The Adelaide Scene: S Is For Spaceship

While Adelaide music nerds like I am well aware of the masses of indie rock and acoustic acts making their multiple appearances at various venues around the city, there’s a hive of punk groups also generating some decent reputations around the place too. Drawing crowds up to sites including Black Market, Enigma and Fowlers Live every weekend, these bands may not be your run-of-the-mill troubadours, but they’re groups of individuals who are making their own unique mark on the local scene. I had a chat with the lead singer of one of these up and coming bands, just to get a perspective on what being a part of this punk/post-hardcore scene is like.

S Is For Spaceship is only relatively new to the live circuit, but as front man Geoff Baddams tells me, they’ve been formulating material for a while. “I was the last member to join the original line up,” he explains. “When I auditioned for the band, they had tried out a few singers already, none of which had worked out. I just swung by one of their band practices and sung a couple of songs for them. We’ve been gigging since about October 2010. I joined about six months before then and they’d been writing songs for about a year before that. ”

For the 21 year old, music has always been something of interest, as well as the desire to be the main guy behind the microphone. “I started learning guitar in the sixth grade and since then I’ve played guitar and done back-up vocals in a couple of other bands.
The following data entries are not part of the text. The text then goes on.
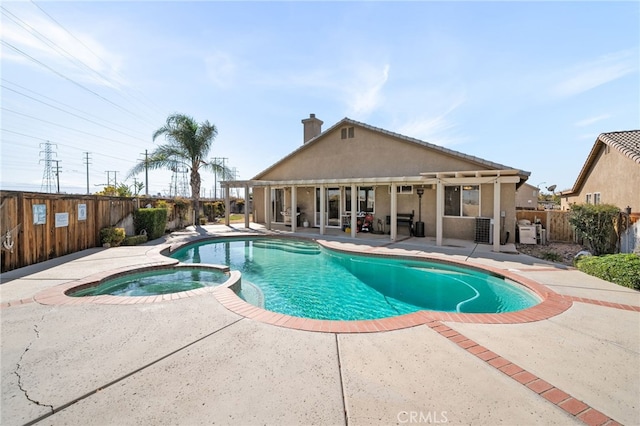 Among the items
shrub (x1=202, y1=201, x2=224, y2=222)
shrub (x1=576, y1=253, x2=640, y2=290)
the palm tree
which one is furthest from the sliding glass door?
shrub (x1=576, y1=253, x2=640, y2=290)

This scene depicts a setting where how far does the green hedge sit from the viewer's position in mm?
13070

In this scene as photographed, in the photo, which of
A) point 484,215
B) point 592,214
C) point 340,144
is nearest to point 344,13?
point 340,144

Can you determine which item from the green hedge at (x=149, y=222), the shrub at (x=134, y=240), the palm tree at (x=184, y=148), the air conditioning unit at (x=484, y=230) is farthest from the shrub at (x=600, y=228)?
the palm tree at (x=184, y=148)

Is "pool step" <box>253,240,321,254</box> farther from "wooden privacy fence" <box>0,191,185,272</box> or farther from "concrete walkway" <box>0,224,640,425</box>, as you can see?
"concrete walkway" <box>0,224,640,425</box>

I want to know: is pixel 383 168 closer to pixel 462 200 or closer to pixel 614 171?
pixel 462 200

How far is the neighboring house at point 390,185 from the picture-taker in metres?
12.1

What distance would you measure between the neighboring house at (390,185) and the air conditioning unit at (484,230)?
0.04 m

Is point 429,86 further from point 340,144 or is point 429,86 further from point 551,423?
point 551,423

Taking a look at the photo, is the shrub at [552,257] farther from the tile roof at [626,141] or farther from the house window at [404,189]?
the house window at [404,189]

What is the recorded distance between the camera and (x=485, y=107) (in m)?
14.1

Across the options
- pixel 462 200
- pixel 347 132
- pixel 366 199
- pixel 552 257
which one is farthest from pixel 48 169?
pixel 552 257

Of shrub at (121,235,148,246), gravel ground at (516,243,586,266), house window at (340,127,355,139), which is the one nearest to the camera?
gravel ground at (516,243,586,266)

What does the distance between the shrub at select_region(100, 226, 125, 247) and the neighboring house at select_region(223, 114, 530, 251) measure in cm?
807

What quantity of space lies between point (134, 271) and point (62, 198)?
4343mm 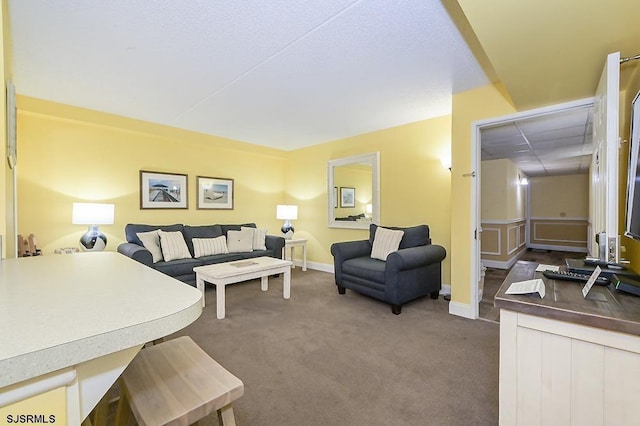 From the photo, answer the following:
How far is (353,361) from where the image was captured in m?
2.10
I’d always wanted to be the frontman in a band because I’ve always loved singing and I wanted the freedom to jump around and be an idiot on the stage without having a guitar to hang on to.”

Having checked out the band a few months ago, a relative newbie to this type of live gig, I was impressed with the sense of community and familiarity which exists between not only the band members, but also with their audience, many of whom also play in various bands around Adelaide. “We’re like one big happy family! …Well yes and no.” Baddams jokes.
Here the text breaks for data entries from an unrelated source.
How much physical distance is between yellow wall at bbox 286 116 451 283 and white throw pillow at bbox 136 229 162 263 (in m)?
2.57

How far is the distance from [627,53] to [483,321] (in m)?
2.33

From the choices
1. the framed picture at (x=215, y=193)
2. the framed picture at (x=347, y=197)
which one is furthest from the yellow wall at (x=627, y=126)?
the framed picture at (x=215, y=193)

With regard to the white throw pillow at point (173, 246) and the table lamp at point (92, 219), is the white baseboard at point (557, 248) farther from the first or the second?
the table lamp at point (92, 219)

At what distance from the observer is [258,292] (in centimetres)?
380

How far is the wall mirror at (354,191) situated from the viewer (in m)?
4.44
Elaborating further, he goes on to tell me a bit on what makes S Is For Spaceship different. “Our style is a mixing pot of all the things we love,” Baddams says. “We love all different things, so while we have punk/rock influences, we’re definitely not purely a punk/rock band. Our live performance is definitely a unique feature of Spaceship. We’ve had feedback from people that don’t even like our music, saying that they were massively entertained by our onstage antics.”
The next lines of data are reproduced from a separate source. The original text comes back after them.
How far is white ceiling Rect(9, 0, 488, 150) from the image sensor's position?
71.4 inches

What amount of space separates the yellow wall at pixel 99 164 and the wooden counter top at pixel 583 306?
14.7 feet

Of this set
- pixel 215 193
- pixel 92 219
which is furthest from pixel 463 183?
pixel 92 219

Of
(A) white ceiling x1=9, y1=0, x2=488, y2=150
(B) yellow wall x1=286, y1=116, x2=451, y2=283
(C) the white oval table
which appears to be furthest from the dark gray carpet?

So, for a band that isn’t simply a ‘punk/rock’ band, how does the Spaceship crew work, creatively?

“Most of the music we are writing at the moment begins with Nikki (Arrowsmith), Craven (Ben Craven) and I coming up with ideas on guitar and then drums, keyboard and vocals are added later. We usually spend a lot of time tweaking the song, shuffling the order around and adding little features to it before we actually perform. Lately I’ve been screwing around with electronic music production, so from now on I’d imagine that will affect the way we write the songs. We’re thinking about adding second guitar parts to the new Spaceship material, so you may see me onstage with a guitar sometime in the future!”

For the up-and-comers, the next few months are going to be ones of development and production, as they take a break from gigging to concentrate on writing some new material. Influences can often form a large part of a band’s direction, something which Baddams states is almost impossible to avoid. “We aren’t trying to sound like anybody in particular, but you can’t really avoid being impacted by artists you love. When the band started, we were all intensely into bands like Four Year Strong and A Day To Remember.”

With bands like S Is For Spaceship steadily building up reputations around town as a decent and entertaining live act, I can only assume that there’s definitely something good brewing locally. As a ‘niche’ genre, the punk/rock scene can often come off as being quite exclusive and only appealing to a certain type of music nut. As Baddams explains, it’s the infiltration and adaptation of other musical influences into their sorts of music which is starting to gain the attention of a wider audience and not just the general punk/rock crowds. “Pure punk rock has become a bit of a niche, but lots of bands drawing influences from the style and expanding on it are definitely noticeable to a wider audience.”